**Supplied data:**
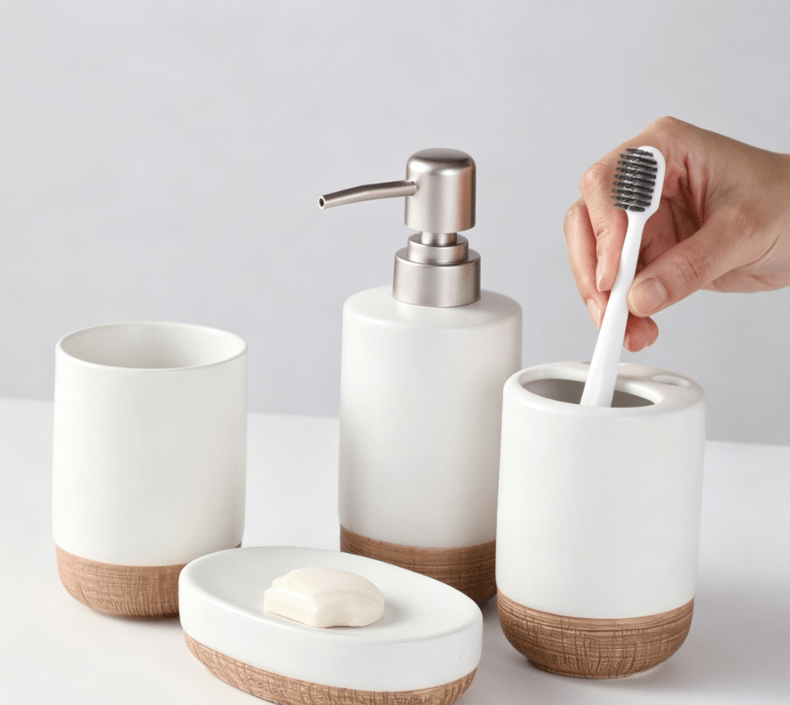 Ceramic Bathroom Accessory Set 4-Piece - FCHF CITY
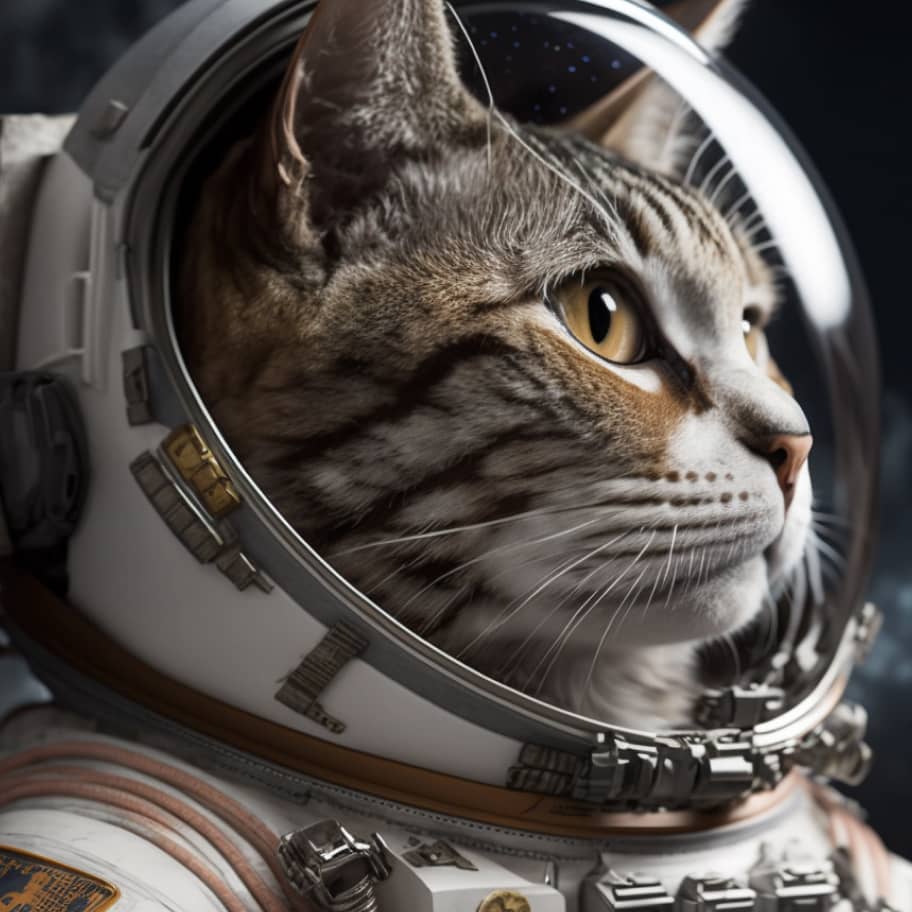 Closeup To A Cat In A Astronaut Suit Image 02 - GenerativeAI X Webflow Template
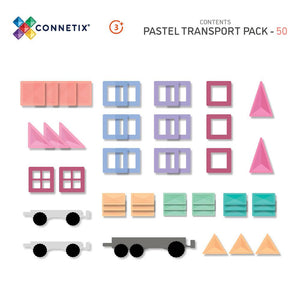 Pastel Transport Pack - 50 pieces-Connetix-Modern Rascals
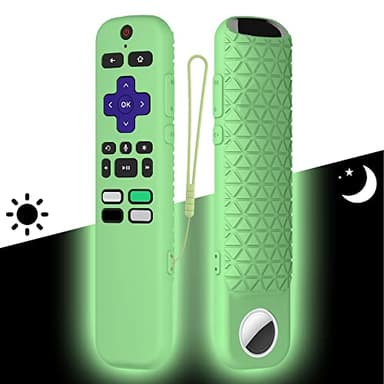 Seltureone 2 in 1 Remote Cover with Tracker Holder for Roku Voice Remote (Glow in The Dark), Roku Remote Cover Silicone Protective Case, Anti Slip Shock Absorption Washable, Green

**Problem to work on:** Would you restate, word for word and with no pictures, only the lines from the opening of the material through the line with "Pastel Transport Pack", both included?

**Output for this exercise:**
 Ceramic Bathroom Accessory Set 4-Piece - FCHF CITY
 Closeup To A Cat In A Astronaut Suit Image 02 - GenerativeAI X Webflow Template
 Pastel Transport Pack - 50 pieces-Connetix-Modern Rascals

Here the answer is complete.